Food Addiction Screening
Food addiction takes years off one’s life and causes many health problems. Take this short food addiction survey to see if you need further evaluation. Circle the question number for each “yes” answer.
1. Are you intensely afraid of becoming fat?
2. Do you feel fat even when others say you are thin or emaciated?
3. Do you like to shop for food and cook for others but prefer not to eat the meals you make?
4. Do you have eating rituals (for example, cutting food into tiny bites, eating only certain foods in a certain order at a particular time of day?
5. Have you lost 25 percent of you minimum body weight through diets and fasts?
6. When you feel hungry, do you usually refrain from eating?
7. If you are a female of childbearing age, have you stopped having menstrual periods?
8. Do you often experience cold hands and feet, dry skin, or cracked fingernails?
9. Do you have a covering of fuzzy hair over your body?
10. Do you often feel depressed, guilty, angry, or inadequate?
11. When people express concern about your low weight, do you deny that anything is wrong?
12. Do you often exercise strenuously or for long periods of time even when you feel tired or sick?

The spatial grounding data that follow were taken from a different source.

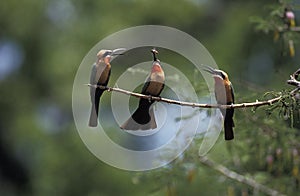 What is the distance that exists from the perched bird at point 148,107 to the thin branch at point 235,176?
192 cm

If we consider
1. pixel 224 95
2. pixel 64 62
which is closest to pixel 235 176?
pixel 224 95

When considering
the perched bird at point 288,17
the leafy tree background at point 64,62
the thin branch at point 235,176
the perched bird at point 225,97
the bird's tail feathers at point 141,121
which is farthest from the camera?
the leafy tree background at point 64,62

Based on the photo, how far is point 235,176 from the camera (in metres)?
4.75

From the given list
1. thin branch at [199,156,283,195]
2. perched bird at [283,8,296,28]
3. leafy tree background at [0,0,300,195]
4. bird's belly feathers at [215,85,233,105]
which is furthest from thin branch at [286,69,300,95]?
leafy tree background at [0,0,300,195]

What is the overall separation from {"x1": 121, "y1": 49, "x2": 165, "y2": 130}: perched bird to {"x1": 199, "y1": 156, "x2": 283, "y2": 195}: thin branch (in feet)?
6.30

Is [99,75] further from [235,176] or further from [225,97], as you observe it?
[235,176]

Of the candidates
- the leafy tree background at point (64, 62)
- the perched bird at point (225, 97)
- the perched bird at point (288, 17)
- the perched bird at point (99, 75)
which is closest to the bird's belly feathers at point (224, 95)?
the perched bird at point (225, 97)

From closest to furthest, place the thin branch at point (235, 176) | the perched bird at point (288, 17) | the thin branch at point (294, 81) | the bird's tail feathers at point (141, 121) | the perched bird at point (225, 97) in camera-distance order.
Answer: the thin branch at point (294, 81), the bird's tail feathers at point (141, 121), the perched bird at point (225, 97), the perched bird at point (288, 17), the thin branch at point (235, 176)

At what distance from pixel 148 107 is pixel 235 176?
79.2 inches

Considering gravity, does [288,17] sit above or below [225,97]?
above

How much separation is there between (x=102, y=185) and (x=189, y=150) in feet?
23.3

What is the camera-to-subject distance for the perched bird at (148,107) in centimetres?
278

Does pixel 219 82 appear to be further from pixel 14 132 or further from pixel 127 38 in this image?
pixel 14 132

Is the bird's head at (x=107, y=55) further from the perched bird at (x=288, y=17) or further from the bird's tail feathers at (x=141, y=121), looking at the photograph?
the perched bird at (x=288, y=17) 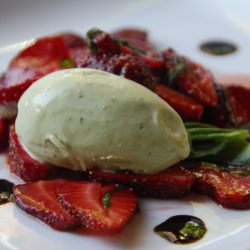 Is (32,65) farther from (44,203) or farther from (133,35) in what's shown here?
(133,35)

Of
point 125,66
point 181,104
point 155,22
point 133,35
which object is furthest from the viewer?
point 155,22

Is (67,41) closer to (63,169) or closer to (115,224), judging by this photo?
(63,169)

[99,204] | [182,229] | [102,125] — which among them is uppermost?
[102,125]

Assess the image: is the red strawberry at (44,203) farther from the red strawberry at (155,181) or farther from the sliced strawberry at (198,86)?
the sliced strawberry at (198,86)

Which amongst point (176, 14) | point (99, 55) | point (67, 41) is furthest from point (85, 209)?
point (176, 14)

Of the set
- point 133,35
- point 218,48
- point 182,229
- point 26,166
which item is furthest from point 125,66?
point 218,48

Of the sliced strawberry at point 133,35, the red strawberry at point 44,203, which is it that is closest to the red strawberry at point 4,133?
the red strawberry at point 44,203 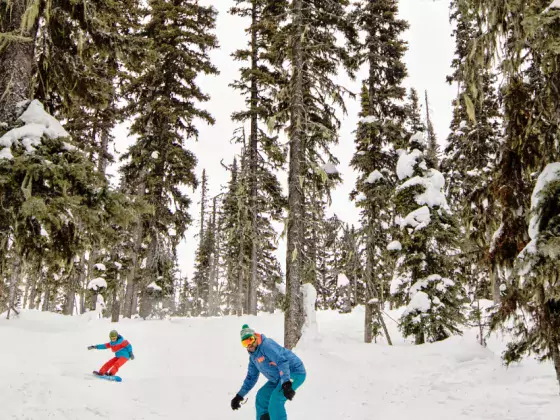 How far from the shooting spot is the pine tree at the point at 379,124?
17.3 m

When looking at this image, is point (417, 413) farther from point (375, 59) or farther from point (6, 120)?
point (375, 59)

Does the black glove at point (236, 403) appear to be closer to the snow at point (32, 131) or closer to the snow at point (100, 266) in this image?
the snow at point (32, 131)

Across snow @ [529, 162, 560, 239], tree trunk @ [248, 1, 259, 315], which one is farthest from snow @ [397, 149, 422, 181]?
snow @ [529, 162, 560, 239]

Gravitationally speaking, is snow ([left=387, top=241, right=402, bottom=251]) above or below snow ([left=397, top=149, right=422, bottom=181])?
below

13. Have you ever eaten a large amount of food and then fasted, forced yourself to vomit, or used laxatives to purge yourself?
14. Are you frequently on a rigid diet?
15. Do you regularly experience stomachaches or constipation?
16. Do you eat large quantities of food in a short period of time, usually high-calorie, simple-carbohydrate foods that can be easily ingested (for example, bread, pasta, cake, cookies, ice cream, or mashed potatoes)?
17. Do you eat in secret, hide food, or lie about your eating?
18. Have you ever stolen food or money to buy food so that you could start or continue a binge?
19. Do you feel guilt and remorse about your eating behavior?
20. Do you start eating even when you are not hungry?
21. Is it hard for you to stop eating even when you want to?
22. Do you eat to escape problems, to relax, or to have fun?
23. After finishing a meal, do you worry about making it to the next meal without getting hungry in between?
24. Have others expressed concern about your obsession with food?
25. Do you worry that you might be a food addict?
26. Do you fall asleep after eating?
27. Do you regularly fast, use laxatives or diet pills, induce vomiting, or exercise excessively to avoid gaining weight?
28. Does your weight fluctuate 10 pounds or more from alternate binging and purging?
29. Are your neck glands swollen?
30.Do you have scars on the back of your hands from forced vomiting?
Scoring: Five or more yes answers within any of the following three groups of questions strongly suggest the presence of a food addiction: questions 1-15, anorexia nervosa; questions 14-26, binge eating; questions 12-30, bulimia.
Getting Help: If you think you may be a food addict, chances are you’ve kept your fears to yourself for a long time. Asking for help takes courage, but it’s worth the risk. Admitting your problems to yourself and to others who share your problem will give you a great sense of relief.
These questions are for screening purposes only and should not be used in place of a professional evaluation.